Late in February, President Kennedy reacted to the warnings of revolt by introducing a voting rights bill. His decision came so unexpectedly that Lee White and others stayed up all night drafting the legislation. The bill, hustled up to Congress with a written message, attracted modest applause at best. Liberal Republicans said their legislation was much better. Disappointed civil rights leaders suggested that it was a narrow and limited afterthought, albeit a worthy one. Even those who had basked in the glow of the Lincoln's Birthday reception could not bring themselves to praise the initiative with much enthusiasm. President Kennedy, bound by his own inclinations and by the Southerners of his party, had worked himself into a corner where on all sides he received less criticism for doing nothing substantive in civil rights than for doing a little bit.
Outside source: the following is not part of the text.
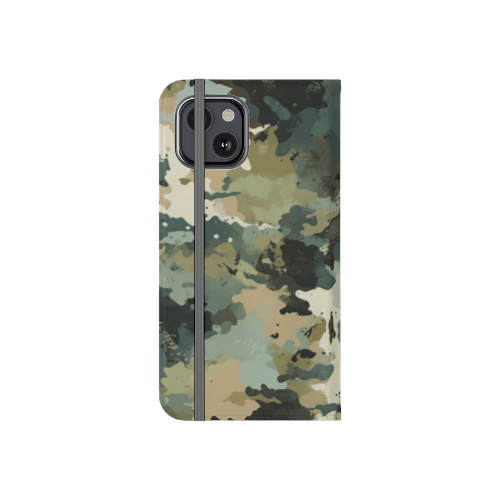 Watercolour Camouflage Wallet Phone Case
Governor Rockefeller seized the moment to attack Kennedy's civil rights record. At an NAACP rally in upstate New York, he proclaimed what Clarence Mitchell had been saying in private. Trenchantly, Rockefeller attacked Kennedy's much-publicized plan to make racial progress through presidential appointments, charging that the President's most critical appointments had been four Southern judges of well-known segregationist views. This pointed attack by a leading presidential rival for 1964 stimulated the only civil rights question at Kennedy's next press conference. The President replied by commending his four judges for “a remarkable job in fulfilling their oaths of office.” He compared them favorably with Eisenhower's appointments in the South, then moved on to a question about the Cuban missile crisis.